Italian explorer Giovanni da Verrazzano was the first European to discover the existence of Paggank island. Exactly 100 years later, the island became the official landing place of the first ever settlers in New Netherland. 30 families of men, women and children took possession in 1624 and planted the seeds of what would later become the famous Dutch colony.
The Dutch reign didn’t last very long, as New Netherland was ceded to the British after only 40 years. Along with the rest of the city, the land was declared New York and put under total control of the English crown.
What really distinguishes Governor’s Island from the rest of the city is its’ history as a military base.
This all began in 1633 with Wouter Van Twiller, the 5th director-general of New Netherland. He operated a farm on the island, bringing a 104 man regiment along with him.
During the American Revolutionary War, the Continental Army raised defensive troops on the island in order to fire on British ships. General Israel Putnam fortified the island with 40 cannons in preparation. Thanks to their efforts, British commanders chose not to enter up the East River, leading to the success of George Washington’s retreat from Brooklyn into Manhattan after the Battle of Brooklyn.
Following the end of the American Revolution, the tension between the Unites States and the newly overturned French crown prompted the construction of Castle Williams. Based on designs by Colonel Jonathan Williams, the fort was completed by late 1811, and later used to defend the city in the War of 1812 against the British. Castle Williams would later become a holding place for Confederate prisoners during the Civil War and eventually the east coast counterpart to Alcatraz Island in California.
Starting in 1878, the military installation on the island became a major United States Army post. Families started moving in while more recreational and educational facilities were built on the island. The first incinerator in the United States was built on Governor’s Island in the year 1885.
Shortly afterwards, excavated material from the first New York City subway was deposited on the southern edge of the island, adding 103 acres and bringing the grand total to 172.
Before long, the Army left Governors Island and the land later became a major United States Coast Guard base, the largest instillation of its kind with a self-contained residential community and a population of over 3,500. However, due to its high operations cost and remote location, the base was closed in 1995. But not before becoming home to now famous author Louis Lowry, who lived on the island during her teenage years while her father served as a dentist.
On February 4, 1985, 92 acres of the island was recognized as a National Historic Landmark. This prompted Governor’s Island to serve as the center of various historic events. First, as the setting for the relighting of the refurbished Statue of Liberty. Then, in 1988, as the location of Ronald Regan’s final meeting as president. Finally, in 1993, Governor’s Island sponsored talks between Haitian political leaders to help restore democratic rule in Haiti- which resulted in the Governors Island Accord.

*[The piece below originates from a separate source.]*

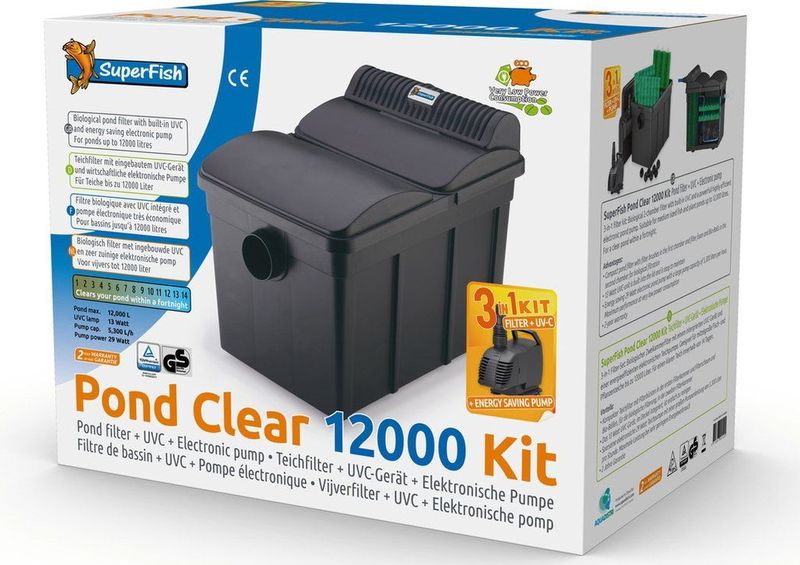 SuperFish Pond Clear 12000 Kit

Once the Coast Guard left, the city began conversing with private developers and city planners to discuss potential ideas for the island’s future. An ideas competition called “Public Property” was hosted, open to anyone who registered. Over 200 entries from 14 different countries were received.

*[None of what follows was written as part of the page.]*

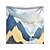 voordelige Tapeçarias de Parede-Wall Tapestry Art Decor Blanket Curtain Hanging Home Bedroom Living Room Decoration Polyester Abstract Mountains Sunrise Sunset Oil Painting Pattern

The federal government announced it would sell Governor’s Island to the people of New York for a very small cost, in order to be used for public benefit. In 2003, 150 acres were transferred to the city of New York for just $1.

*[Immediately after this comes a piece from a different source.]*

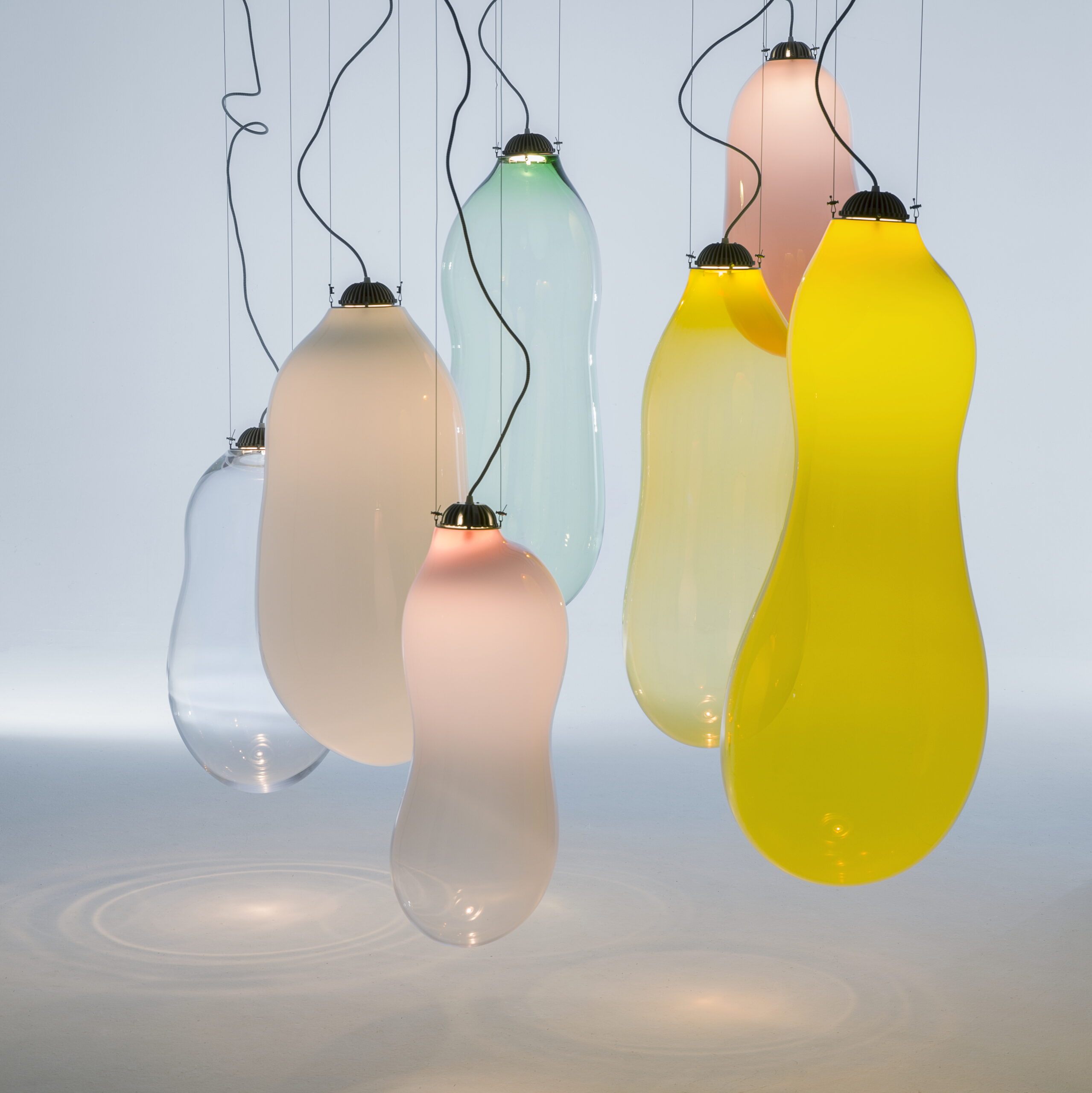 Set of Big Bubble Pendant Light by Alex de Witte (5)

By 2012, ground was broken on a new park and public spaces designed by a landscape architecture firm known as West 8. By 2015, the Oyster Pavilion waterfront oyster bar opened to the public, followed by The Hills in 2016- the last piece of redeveloped land featuring four hills and four long slides ranging from 25 to 70 ft.
Even today, the island continues to introduce new programs and activities to further connect to the city and its locals. This past summer, a glamorous camping retreat (otherwise known as “glamping”) allowed its customers to experience exclusive access to the island, along with private accommodations and daily activities.
Other experiences on the island include free walking tours, biking, picnics, art, festivals, concerts. The northern tip of the island features an artificial beach operated by New York Water Taxi. Visit Picnic Point and Hammock Grove. Or check out the original Coast Guard buildings and barracks in the areas yet to be redeveloped.
Yearly events include the Governor’s Island Art Fair, the Jazz Age Lawn Party, Disco Nights and Outdoor Films.
In the early years, Governors Island was only open on the weekends. Nowadays, you can visit any day of the week from May 1 through October 31. The ferry can be accessed in the Battery Maritime Building, located next to the Staten Island Ferry terminal. Service is every half hour for just $3.